On the non-profit side: we aim for the majority of grant dollars we secure to go back out the door by partnering and consulting with grassroots organizations led by communities of color. Recognizing the whole selves of the people who do the work, we’ve reserved funding to provide childcare and mental health support. Rather than staff up internally, we’re designing creative approaches to engage (and further resource) grassroots, direct service organizations.
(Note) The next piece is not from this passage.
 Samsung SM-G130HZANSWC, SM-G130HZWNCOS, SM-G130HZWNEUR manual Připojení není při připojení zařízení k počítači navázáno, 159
This is exemplified by the work we are doing in partnership and co-ownership with 100+ organizations in the Inclusive Capital Collective. Are you creating alternative capital solutions that meet the needs of underserved founders? Join the ICC!
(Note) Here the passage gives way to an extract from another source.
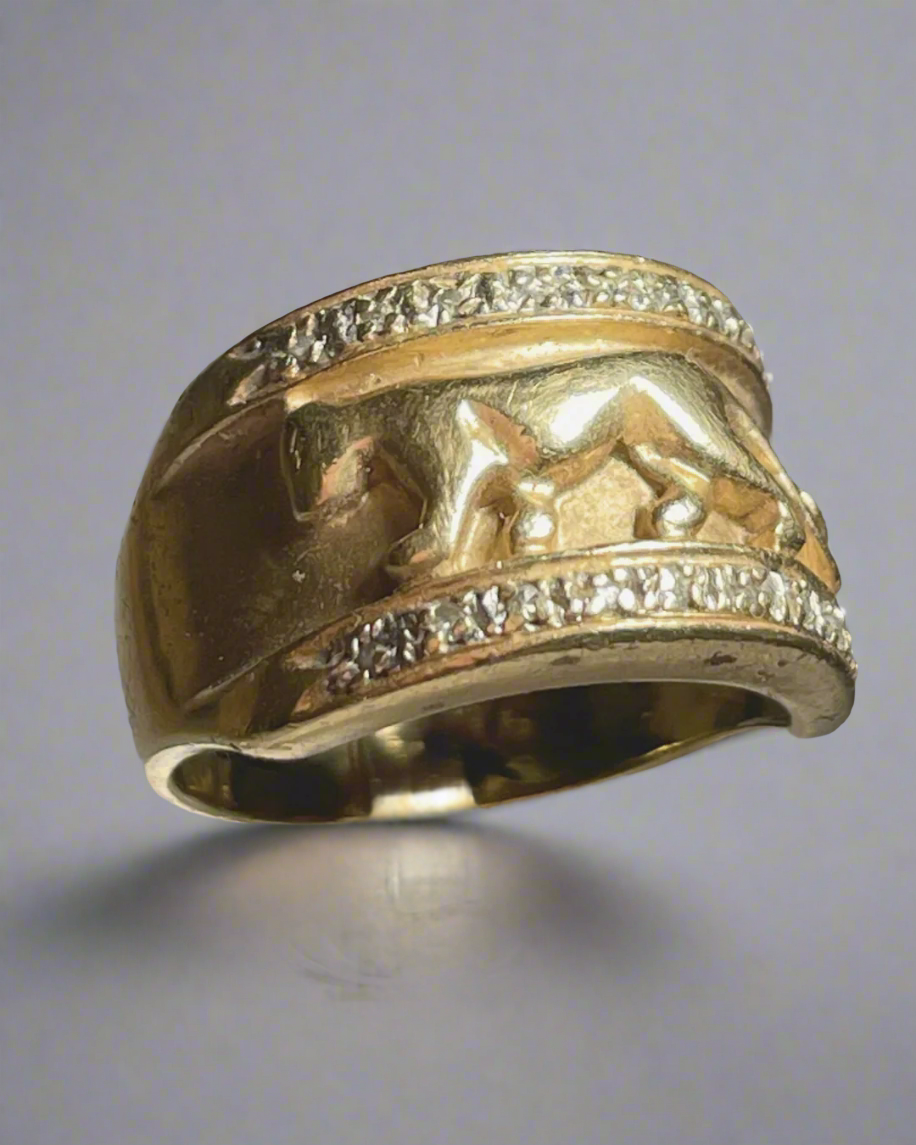 14K Yellow Gold Panther 18k Diamond Band Ring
On the co-op side: we’ve set aside 2.5% of all gross revenues for a Zebras Solidarity Fund that co-op members will decide how to circulate back out to the community. This practice is inspired by the principles of Zakat, a morally obligated Islamic practice to dissuade hoarding and redistribute wealth (more on this soon from our Director of Operations, Sheeza Shah). Most importantly: our co-op structure ensures that our members, who are our owners, keep us on track with their voice and their vote.

Working with our friends at SecondMuse Capital, we’re advancing a participatory design process that brings together entrepreneurs, investors and other key system actors to co-create innovative, inclusive and integrated financing mechanisms. These mechanisms then catalyze the growth of inclusive and resilient economies — ones where all people and communities can contribute and benefit while protecting and restoring our society and environment.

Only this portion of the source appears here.